また、設計をどのように具体的な実装に落とし込むか考えていく上で言語スキルも向上します。
3. 質の高いコードへの意識が高まる
ライブラリは不特定多数の開発者やチームで利用されることを前提とするため、第三者の視点で考える訓練になります。この前提により、自然と以下の品質項目への意識が芽生えます。
- 使用性:一般的な仕様に準拠しているか、間違った使い方が誘発されないか
- 可読性:機能性が理解し易い命名か、コメントやドキュメントは十分か
- 拡張性:カスタマイズが可能か、組み合わせ易いか
- 保守性:将来の変更に強いか、デバッグし易いか、テストし易いか
- 信頼性:正しく動作することが保証されているか、クラッシュやメモリリークはないか
「使う人の立場」で考える力が養われるだけでなく、プロフェッショナルなプロダクト開発に必要な素養を鍛えられます。
4. テストコードを書き始める単位として最適
3の保守性や信頼性から派生した話になりますが、ライブラリはテストコード実装入門として非常に優秀です。
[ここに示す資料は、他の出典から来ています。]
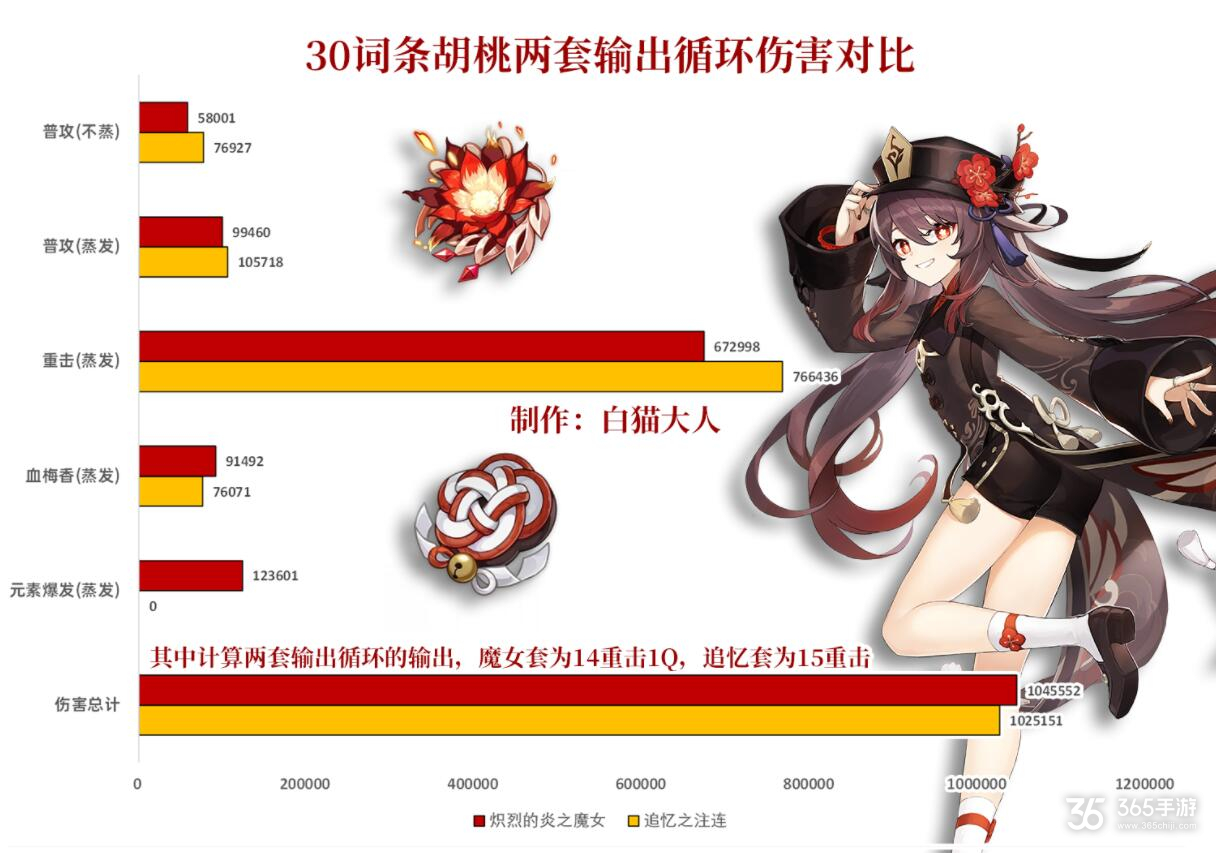 原神胡桃魔女与追忆圣遗物有什么区别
「テストを書いた方がいいのは分かっているけれど、どこから始めればいいか分からない」というような初心者にこそおすすめです。
ライブラリはスコープが狭く機能要件がはっきりしているため、「ある入力に対して期待する出力がなされる」のようなテストケースが考え易いです。また、テストを書こうとすると自然とテスタブルな設計を目指すようになり、設計の変更も行い易いため、試行錯誤しながら実装容易性と試験容易性のバランスを取る訓練ができます。好みもあるとは思いますが、テスト駆動開発(TDD)[2]の練習にも活用できると思います。
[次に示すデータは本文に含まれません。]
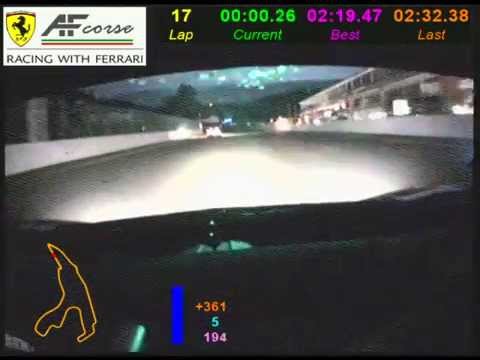 Pasin Lathouras Night Driving at Spa 24 Hours 2015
5. 複数プラットフォーム・複数バージョン対応の知識が増す
一般にライブラリは複数の環境で動作することが期待されます。
例えば、Swift製ライブラリなら、
- iOS、iPadOS、macOS、watchOS、visionOS、tvOSのどのプラットフォーム上で動くか?
- 最低サポートOSバージョンをどうするか?
- ビルドに用いられるXcode、Swift等SDKのバージョンは何か?
などの考慮すべき項目があります。
これらの対応を通して、複数プラットフォーム対応のための条件付きコンパイル・型解決・プラットフォーム固有機能の出し分け方法が学べますし、言語バージョンによる記法使い分け・SDKバージョンによるAPIの差分吸収などの実装知識が身に付きます。
まずは小さく始めよう
プロダクト内でよく使っているボタンやモーダルなどの再利用できそうなコンポーネント、文字列や数値、色、画像などの変換を行っている便利関数群、頻出してるボイラーテンプレートやマクロなどをライブラリとして切り出してみましょう。用途が定まっているものから着手する方がインターフェースについても利用者についても想像し易いです。
最初からオープンソースにすることに抵抗があるなら、Privateで始めても良いと思います。
ただし、想定する利用者を自分だけに絞らず不特定多数とした方が学びが多いでしょう。
おわりに
ライブラリ開発はエンジニアとしての視野を広げるのに役立つ、プロダクト開発だけではなかなか得られない学びが凝縮されています。業務でも趣味でもぜひ作ってみてください。きっと新しい発見があるはずです。